Although the level at play was not up to par with CU’s high expectations, the slim 1-0 lead left plenty of room for the Buffs to return in the second half. Forwards Juliauna Hayward and Shyra James were often double-teamed by ASU center backs, and midfielder Jenny Beyer had to fight off sideline pressure constantly. The Sun Devils had a total of 13 shots in the second half compared to CU’s three shots, and one of ASU’s shots converted into a goal in the 58th minute, growing the lead to 2-0.
As more time passed, the likelihood of a CU win declined, and fatigue started setting in on both teams. Around the one-hour mark, Sanchez made multiple substitutions, giving his starters a much-needed break from the intensity of the match.

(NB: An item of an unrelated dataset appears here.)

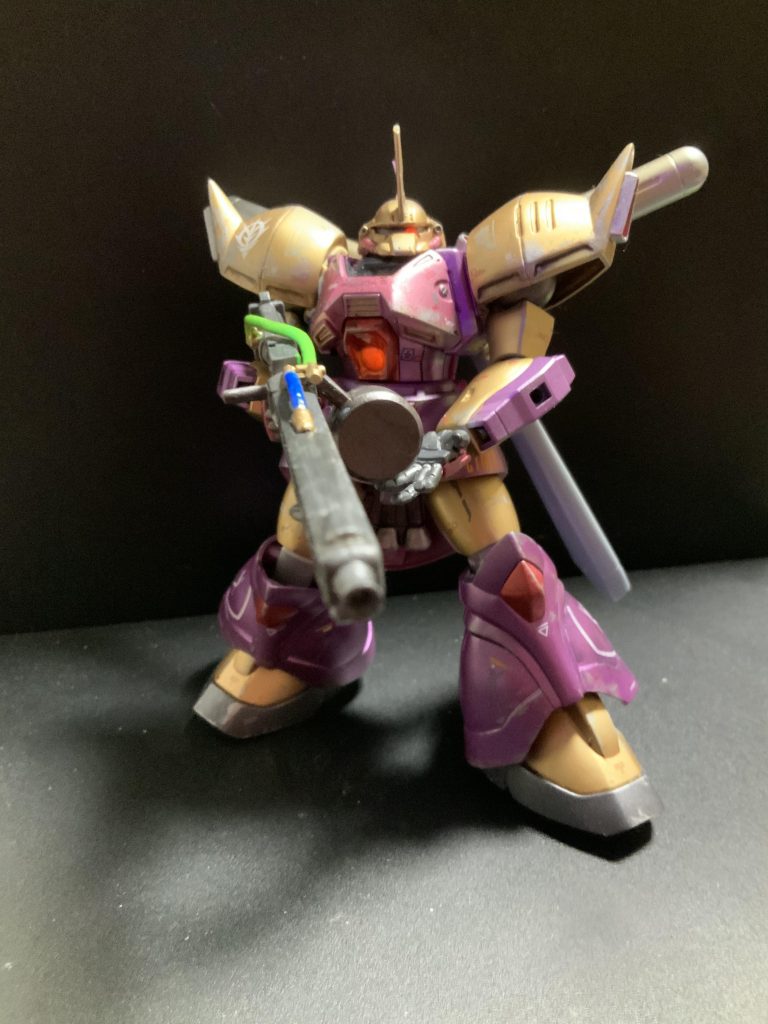 ゲルググマリーネはシーマ様の特別仕様です( ^ω^ ) 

Ten minutes later, some of the subs returned to the field, which became the game’s turning point.
After showing the Arizona defense relentless pressure, despite the score deficit, Hayward dribbled through a line of ASU players and took a shot outside the box. The shot hit the left post and curled in, giving CU their first goal in the 70th minute. There was a new surge of energy for Colorado as fans rose from their seats on the sidelines with regained confidence. Just one minute later, defender Phoenix Miranda passed a shot over the heads of ASU defenders, landing perfectly at the feet of forward Civana Kuhlmann. With a defender right on her tail, Kuhlmann placed the ball in the right corner of the ASU goal, tying the match in the 71st minute.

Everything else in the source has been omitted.